[Crawled caption data]
━━━━
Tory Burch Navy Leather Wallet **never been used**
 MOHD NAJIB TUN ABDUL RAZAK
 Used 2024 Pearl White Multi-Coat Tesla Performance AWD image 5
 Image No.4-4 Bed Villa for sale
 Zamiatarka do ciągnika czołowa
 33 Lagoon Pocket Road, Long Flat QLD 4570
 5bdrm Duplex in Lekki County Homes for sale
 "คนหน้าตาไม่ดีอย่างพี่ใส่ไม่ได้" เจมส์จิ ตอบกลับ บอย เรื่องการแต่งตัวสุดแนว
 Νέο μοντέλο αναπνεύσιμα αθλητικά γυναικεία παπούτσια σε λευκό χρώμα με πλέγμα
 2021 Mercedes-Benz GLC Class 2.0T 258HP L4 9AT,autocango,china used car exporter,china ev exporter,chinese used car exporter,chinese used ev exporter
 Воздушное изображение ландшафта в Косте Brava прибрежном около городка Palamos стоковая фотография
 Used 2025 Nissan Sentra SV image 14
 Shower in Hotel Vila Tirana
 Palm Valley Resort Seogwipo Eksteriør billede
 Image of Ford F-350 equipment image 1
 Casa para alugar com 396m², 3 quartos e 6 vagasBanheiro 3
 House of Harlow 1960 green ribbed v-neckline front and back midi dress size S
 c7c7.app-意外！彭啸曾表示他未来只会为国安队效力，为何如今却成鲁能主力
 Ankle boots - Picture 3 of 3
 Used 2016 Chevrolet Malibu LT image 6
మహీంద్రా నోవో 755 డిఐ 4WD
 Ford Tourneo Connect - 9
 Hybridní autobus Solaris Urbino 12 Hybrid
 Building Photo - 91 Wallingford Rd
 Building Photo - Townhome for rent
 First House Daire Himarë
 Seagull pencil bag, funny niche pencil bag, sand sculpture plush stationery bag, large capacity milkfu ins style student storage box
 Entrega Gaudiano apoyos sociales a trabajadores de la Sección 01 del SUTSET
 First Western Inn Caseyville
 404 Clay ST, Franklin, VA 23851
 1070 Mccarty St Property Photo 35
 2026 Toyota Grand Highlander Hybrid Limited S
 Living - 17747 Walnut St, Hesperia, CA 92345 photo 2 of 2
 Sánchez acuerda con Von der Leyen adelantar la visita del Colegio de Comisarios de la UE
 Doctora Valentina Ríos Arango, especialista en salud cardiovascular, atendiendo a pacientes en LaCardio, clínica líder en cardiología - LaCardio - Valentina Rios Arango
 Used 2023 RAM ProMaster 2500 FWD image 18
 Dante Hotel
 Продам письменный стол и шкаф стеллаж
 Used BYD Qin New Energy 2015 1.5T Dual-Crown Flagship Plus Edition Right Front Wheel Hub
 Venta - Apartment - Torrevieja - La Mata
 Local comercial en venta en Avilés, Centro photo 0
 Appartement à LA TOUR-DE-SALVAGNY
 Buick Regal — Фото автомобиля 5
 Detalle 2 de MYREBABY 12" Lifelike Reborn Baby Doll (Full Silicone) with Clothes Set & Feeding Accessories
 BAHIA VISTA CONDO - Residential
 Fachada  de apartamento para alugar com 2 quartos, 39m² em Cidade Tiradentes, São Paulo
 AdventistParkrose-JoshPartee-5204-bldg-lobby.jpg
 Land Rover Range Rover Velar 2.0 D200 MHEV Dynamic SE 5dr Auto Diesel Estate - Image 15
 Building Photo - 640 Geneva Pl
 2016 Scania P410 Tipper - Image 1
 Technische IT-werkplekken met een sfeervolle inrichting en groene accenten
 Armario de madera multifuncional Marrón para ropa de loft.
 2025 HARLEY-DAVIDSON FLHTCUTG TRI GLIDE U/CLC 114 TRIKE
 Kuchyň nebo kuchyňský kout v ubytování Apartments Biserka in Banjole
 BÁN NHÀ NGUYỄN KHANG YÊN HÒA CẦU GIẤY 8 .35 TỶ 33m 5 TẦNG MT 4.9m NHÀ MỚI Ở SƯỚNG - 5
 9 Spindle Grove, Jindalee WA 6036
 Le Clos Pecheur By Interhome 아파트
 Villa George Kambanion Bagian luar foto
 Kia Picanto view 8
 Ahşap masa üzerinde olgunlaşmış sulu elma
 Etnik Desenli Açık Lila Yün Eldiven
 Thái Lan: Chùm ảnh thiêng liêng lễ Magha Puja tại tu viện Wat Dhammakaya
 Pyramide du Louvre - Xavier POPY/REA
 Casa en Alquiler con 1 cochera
━━━━
Read through the data above. Report each line that has the word "Villa".

 Image No.4-4 Bed Villa for sale
 Villa George Kambanion Bagian luar foto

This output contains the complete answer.